Most upvoted comments

Hi @rohitdwivedula @tjruwase I encountered with similar problem and I think I have found where the problem is.

This kind of problems may appear when parameter sharing are used.

I think the missing lm_head.weight shares parameters with and is refer to something like word embeddings 's weight (‘transformer.wte.weight’ here), which is a commly used trick among NLP. Thus there is actually only one parameter hold by ‘transformer.wte.weight’ and the other one only hold reference.

And deepspeed, when converting checkpoint, recovers fp32 paramters from optimizer, which holds only true parameters, and the references and parameter that hold references are not recovered.

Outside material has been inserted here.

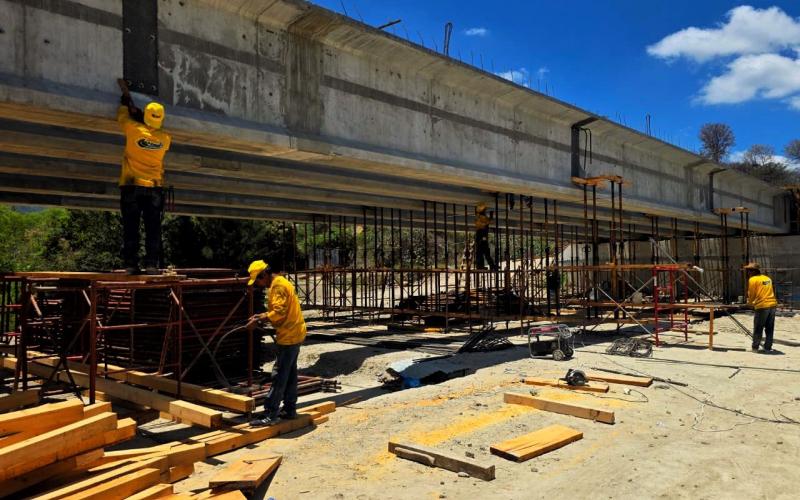El libramiento de Jalapa avanza y promete aliviar el tránsito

The simplest workaround now is to load the converted checkpoint, and manually set back the missing parameters and their references. e.g. ckpt['state_dict']['lm_head.weight'] = ckpt['state_dict']['transformer.wte.weight']

This does seem to explain this behavior @richarddwang - I tried checking the base HuggingFace/OpenAI’s saved checkpoints (as well as some of my checkpoints on smaller models that I trained w/o DeepSpeed) to see if the layers indeed were the same, and it looks like they are:

> import torch
> from transformers import GPT2LMHeadModel
> model = GPT2LMHeadModel.from_pretrained('gpt2')
> torch.allclose(model.lm_head.state_dict()['weight'], model.transformer.wte.state_dict()['weight'])
True

Thanks a lot for the help!

@richarddwang, thanks for sharing your great analysis and workaround. It seems we need to extend zero checkpointing to better handle parameter sharing.

Hi @TingchenFu, @mayank31398, @linhdvu14, @ZeyiLiao, @alexanderswerdlow, @rohitdwivedula, could you please try this PR to see if it fixes this issue.